## Excerpted records

------------------------------------

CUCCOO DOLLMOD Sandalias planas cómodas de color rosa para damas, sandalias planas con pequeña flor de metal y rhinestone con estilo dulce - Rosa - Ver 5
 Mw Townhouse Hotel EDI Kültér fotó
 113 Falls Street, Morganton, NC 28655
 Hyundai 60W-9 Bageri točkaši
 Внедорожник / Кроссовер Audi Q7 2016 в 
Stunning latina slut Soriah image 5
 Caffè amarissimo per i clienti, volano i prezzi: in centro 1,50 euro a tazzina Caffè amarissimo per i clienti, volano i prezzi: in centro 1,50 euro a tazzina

------------------------------------

## Work order
All of the data above should be reproduced exactly, with nothing missing.

## Task output
CUCCOO DOLLMOD Sandalias planas cómodas de color rosa para damas, sandalias planas con pequeña flor de metal y rhinestone con estilo dulce - Rosa - Ver 5
 Mw Townhouse Hotel EDI Kültér fotó
 113 Falls Street, Morganton, NC 28655
 Hyundai 60W-9 Bageri točkaši
 Внедорожник / Кроссовер Audi Q7 2016 в 
Stunning latina slut Soriah image 5
 Caffè amarissimo per i clienti, volano i prezzi: in centro 1,50 euro a tazzina Caffè amarissimo per i clienti, volano i prezzi: in centro 1,50 euro a tazzina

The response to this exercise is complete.